Le commerce du plastique en Tunisie entre l’âpre réalité et les décisions du gouvernement

TUNIS- (Rédaction TAP)-Elle s’appelle Mbarka et a plus de 70 ans, un âge qui ne l’empêche pas de traverser quotidiennement la médina de Tunis en direction du marché central de Tunis, dans la capitale, où elle vend des sacs en plastiqueà hantée par la peur de perdre sa seule source de revenus.

Le ministère de l’environnement et du développement durable a décidé, en vertu d’un décret publié par le  gouvernement d’interdire, à partir de 2016, l’importation des sacs en plastique, leur industrialisation et vente en Tunisie, étant donné que les sacs en plastique nuisent à l’environnement et à la santé de l’homme.  Cette décision est appuyée par une conscience des Tunisiens quant aux questions environnementales et aux campagnes internationales contre l’utilisation des sacs en plastique.

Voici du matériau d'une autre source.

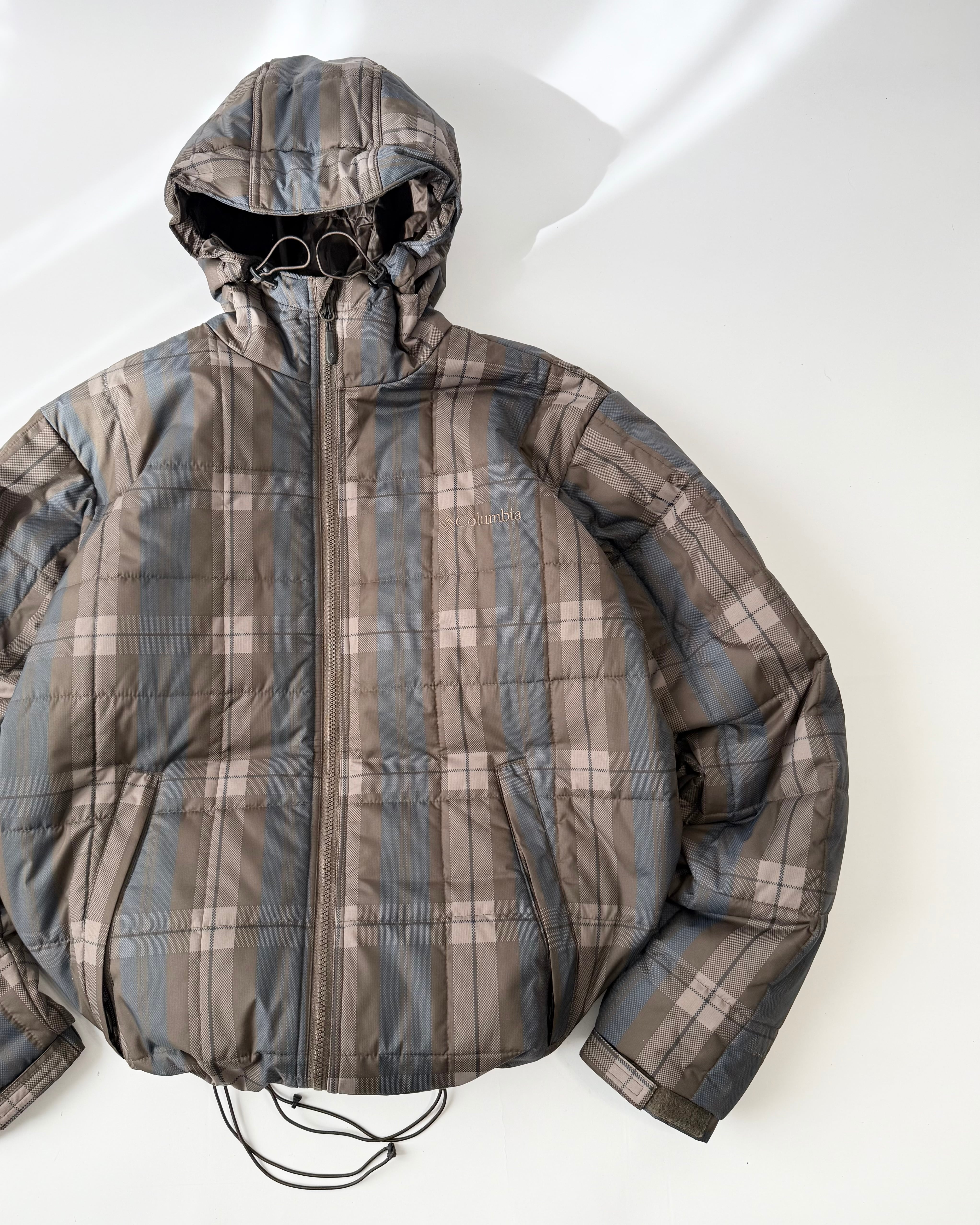 00s Columbia Shadow Plaid Puffer Jacket | minnatakusanmitene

Les Tunisiens consomment environ 1 milliard de sacs en plastique par an, dont la plupart finissent dans la nature (80% des sacs ne sont ni collectés ni recyclés).

Les militants dans le domaine de l’environnement critiquent, à ce titre, les autorités chargées des structures de l’environnement et celles en charge du développement des stratégies de valorisation.

Les défenseurs de l’environnement en Tunisie ont applaudi la décision du gouvernement qui a suscité, en revanche, la colère des industriels du plastique et des craintes auprès d’une catégorie de citoyens qui ont fait de la vente des sacs en plastique, une source de revenus. 

Pour calmer la frustration des industriels, le ministère a lancé un ensemble de garanties, en limitant l’application de cette décision aux sacs au poids léger à usage unique.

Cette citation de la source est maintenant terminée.